In 1922, a few years after the Bolshevik revolution, Count Alexander Ilyich Rostov is sentenced to house arrest for writing a poem that the Bolsheviks find incendiary. The Count’s home at the time of sentencing is a suite at the Hotel Metropole. He is moved out of his suite to a small room on the sixth floor, where furniture and odds and ends are stored. Taking it in his stride, the Count picks out the things dearest to him and has them moved upstairs. He eventually finds a way to break the wall into the room next door—through his closet—and fashions for himself a suite of sorts.
The staff at the hotel know and like the Count. He has managed to stash some money and so is able to live reasonably well, eating at the two restaurants, the Piazza and the Boyarsky, which is more upscale. But living in a confined space starts to take its toll on him.
His ennui is broken by a little girl in yellow, Nina, who befriends him. Nina is staying at the hotel while her parents are away and has plenty of time to explore it, not least because she has managed to acquire a passkey to all the rooms. She opens up the hotel for him, taking him to spaces he did not know existed. When she leaves, she makes him a gift of the key. The next time he sees her, she has grown up into a serious young woman who is leaving to work in the provinces.
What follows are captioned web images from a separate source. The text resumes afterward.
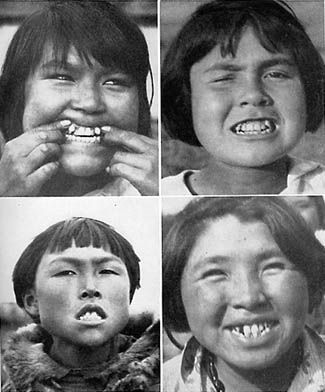 Лица деформированные современными продуктами питания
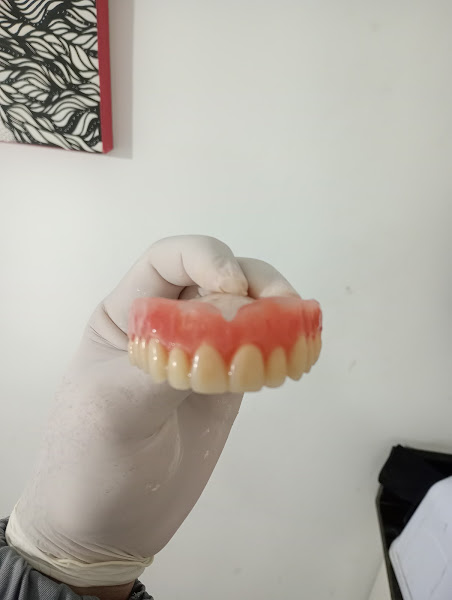 Foto 3 de Dr Anderson Gurgel - Reabilitação Oral e Estética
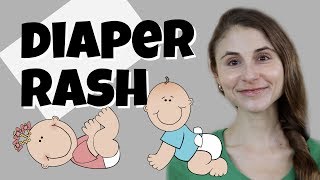 DIAPER RASH TIPS amp TRICKS FROM A DERMATOLOGIST DR DRAY [upl. by Cleveland]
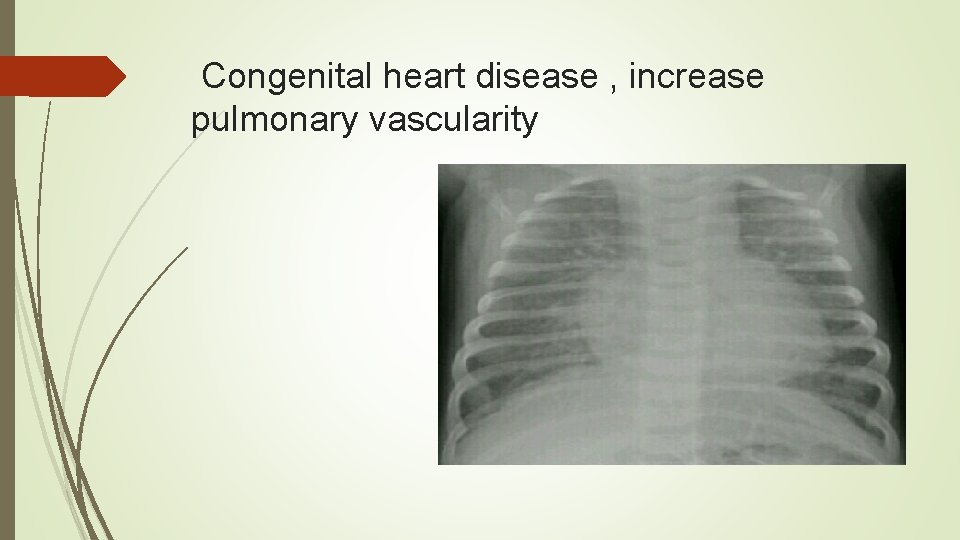Congenital heart disease , increase pulmonary vascularity 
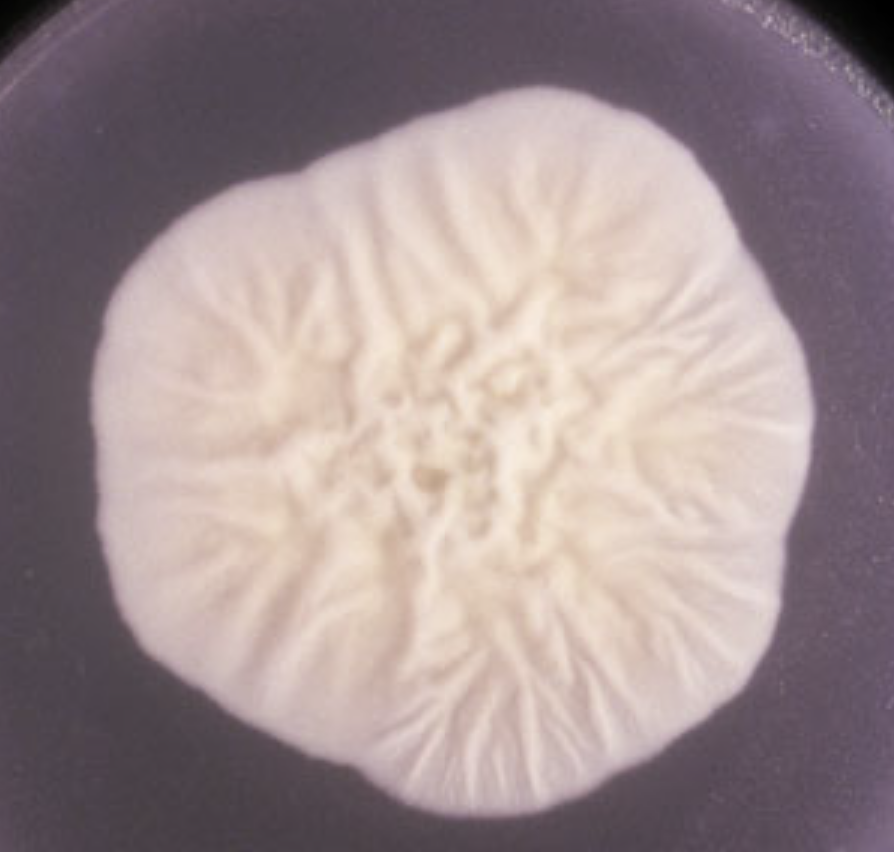 <p>What organism is this? Obverse or reverse?</p>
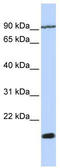 Transmembrane 4 L Six Family Member 4 antibody, TA339426, Origene, Western Blot image 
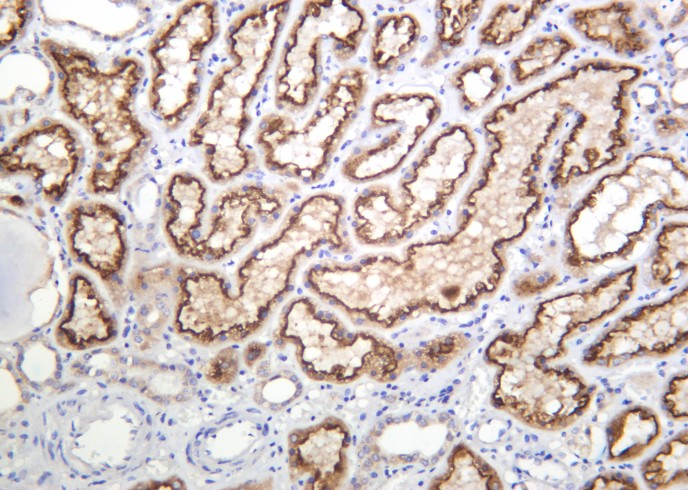 Recombinant BNIP-3 Monoclonal Antibody - small - 2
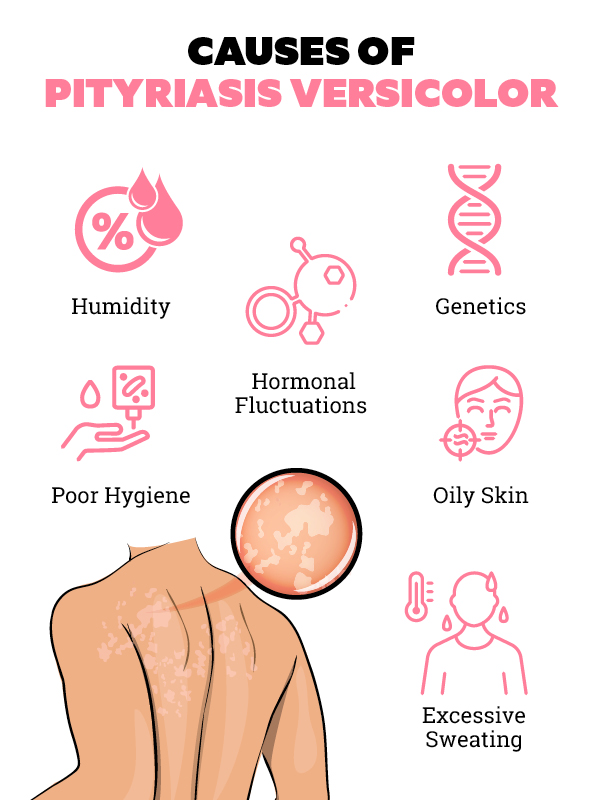 Everything You Need To Know About Pityriasis Versicolor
The years go by, and the Count settles into a daily routine. But Nina hasn’t finished with him. She shows up unexpectedly with her eight-year-old daughter Sofia, and asks him to take care of her while she goes to Siberia to look for her husband. She never comes back, and the man who had prided himself in not forming long-term relationships finds himself taking care of a child and seeing her into adulthood.
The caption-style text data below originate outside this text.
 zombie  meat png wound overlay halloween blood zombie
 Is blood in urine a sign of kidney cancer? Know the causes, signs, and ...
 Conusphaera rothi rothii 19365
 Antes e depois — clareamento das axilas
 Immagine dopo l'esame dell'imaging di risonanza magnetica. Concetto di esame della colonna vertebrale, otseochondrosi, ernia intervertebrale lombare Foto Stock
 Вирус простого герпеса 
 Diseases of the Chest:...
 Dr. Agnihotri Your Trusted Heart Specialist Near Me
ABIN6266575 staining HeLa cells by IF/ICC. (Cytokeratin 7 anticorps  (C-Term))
Life at the Metropole reflects the changes outside: the clientele shifts from aristocrats to Party apparatchiks. So does the management: an incompetent waiter, whom the Count dubs the Bishop, becomes the manager through his Party connections. The Count works as a waiter at the Boyarsky where he forms a Triumverate with his good friends, Emile, the chef, and Andrey, the headwaiter. They meet every morning to set (and sample) the day’s menu.
The Count is a wonderful creation: erudite, courteous, observant and determined not to let his circumstances get the better of him. The hotel is full of vividly drawn characters: the hot-tempered and talented Emile, the unflappable Andrey, the seamstress Marina who teaches the Count how to sew, the actress Anna Urbanova with whom he has an on-off affair, Osip, the Party apparatchik who hires the Count to teach him English and French, and so many more.
I enjoyed Towles’s writing. Here is a description of Andrey’s virtuosity as a waiter: “Having led a group of women to their table…Andrey seemed to pull back the chairs all at once. …[W]hen the woman holding the wine list asked for a recommendation, he didn’t point to the 1900 Bordeaux—at least, not in the Teutonic sense. Rather, he slightly extended his index finger in a manner reminiscent of that gesture on the Sistine Chapel’s ceiling with which the Prime Mover had transmitted the spark of life.”
This is a masterful book. I couldn’t imagine how Towles would be able to keep up an interesting story within the confines of a hotel. But all of life is there: intrigue, politics, spies, love and friendship; the life of the country is reflected in the goings-on of the hotel. I have to hand it to Towles: the story never flags.
In keeping with the confines of the setting, Towles has set himself limits for his chapter headings: every one of the words begins with an A. I also loved the little icons at the beginning of each section, depicting something that would be central to that part of the story.